1. Take Stock: Go over any equipment issues while the season is still fresh in your mind, and address any fixes you’ve put off. It’s discouraging to bust out the gear for a new season and see that core shot’s still there, that buckle’s still bent, that basket’s still missing.
2. Get Them Tuned: Shops are busy in the fall, and so are you. Take your skis in now for the post-season tune and any other backshop business. While you’re there, it’s always worth asking if the shop is selling any high-end demo models at season’s end.
3. Or…Coat With Travel Wax: If you tune your own skis, give them an end-of-season tune, then slather on a thick coat of cheap, soft wax and leave it (don’t scrape). This helps keep your bases and edges clean, rust-free and uncontaminated. (Don’t forget to scrape the wax off in the fall.)
4. Clean and Store Boots Carefully: Boots get filthy, especially if you’re tromping around muddy parking lots on sunny spring corn-snow days. Take them out of the bag, clean them, and also clean the inside of the boot bag before replacing the boots and storing in a cool, dry place. Remember, two things love ski boots especially: mice and mildew. Plan accordingly.
5. Tuning Bench: It’s time to dismount the vises and put the tuning tools away. Take inventory of stuff that needs replacing (wax, brake holders, worn files) and get it done now.
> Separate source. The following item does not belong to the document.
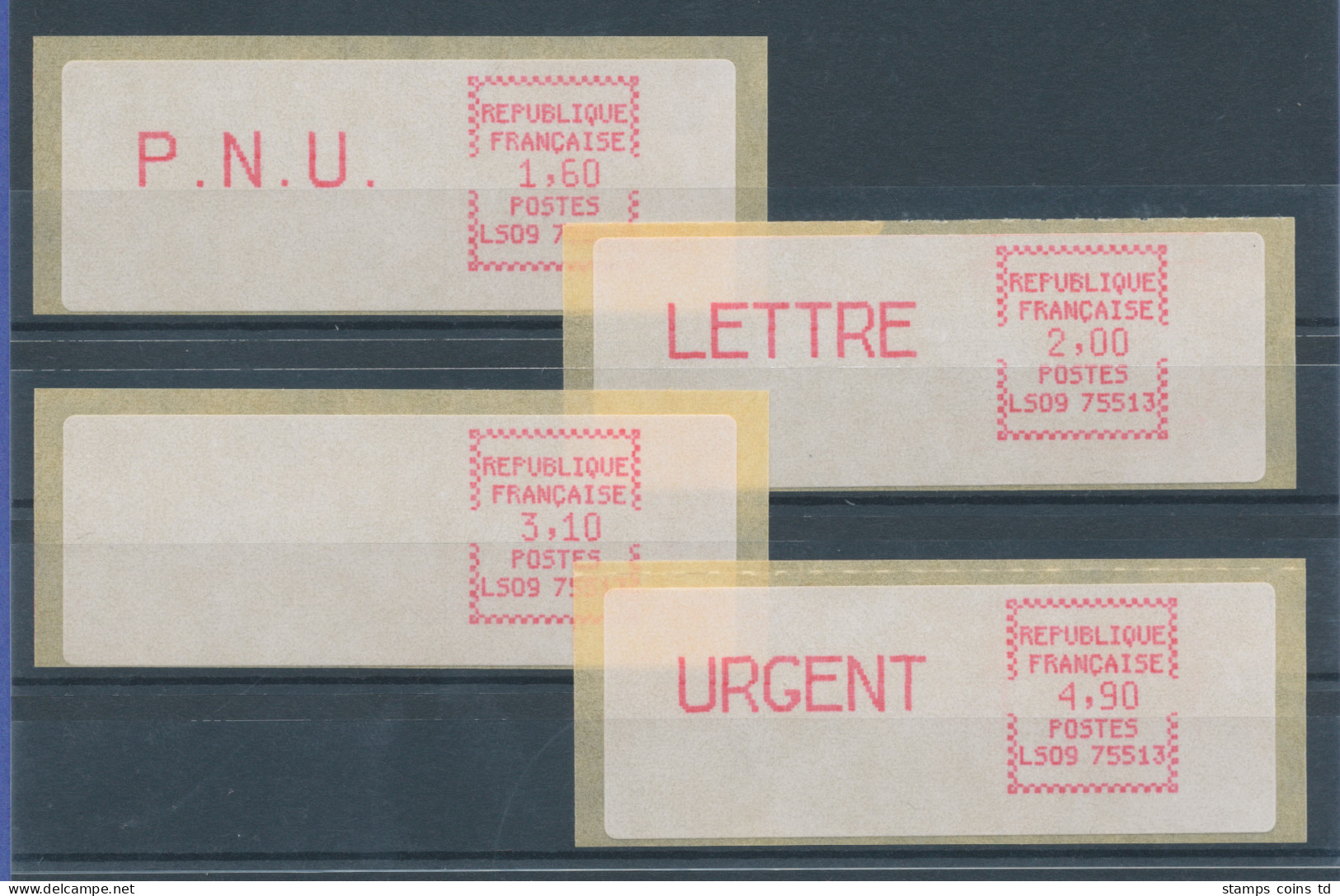 Frankreich ATM LS09 75513 Satz 4 Werte 4.Tarif **, Dohren-Nr. 5.6zb  - Altri & Non Classificati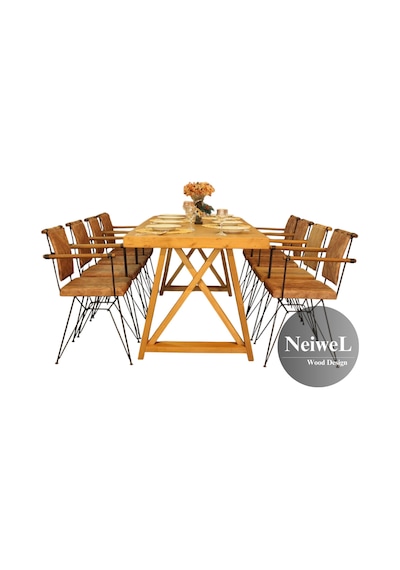 Neiwel Kues Doğal Mutfak Ve Ahşap Yemek Masası-120-220 Açık Ceviz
Scrape wax drippings off bench and floor and sweep up filings and wax/sidewall shavings. Store all tools tidily, keeping all the waxy stuff (scrapers, brushes, bars/vials of wax) separate from all the metal-working stuff (files, file guides, gummi, stones) so that waxing stuff doesn’t get contaminated with filings and files don’t get clogged with wax. Protect any file-guide faces that come into contact with your ski bases from damage: even a small nick can mar your ski base with every stroke.
6. (Do Not) Relax Binding Springs: Some grizzled veterans still do this because it gives them peace of mind to know that their release spring is relaxed and therefore not at risk of permanent deformity (or whatever), but this isn’t necessary anymore, if it ever was. If you do loosen, it’s crucial to remember to retighten in the fall (or risk prerelease and possible injury on your first run of the season). Tape a reminder to your toepieces with DIN values written down. And remember if you do touch your DIN settings you’re letting shop and manufacturer off the hook in event of a binding malfunction.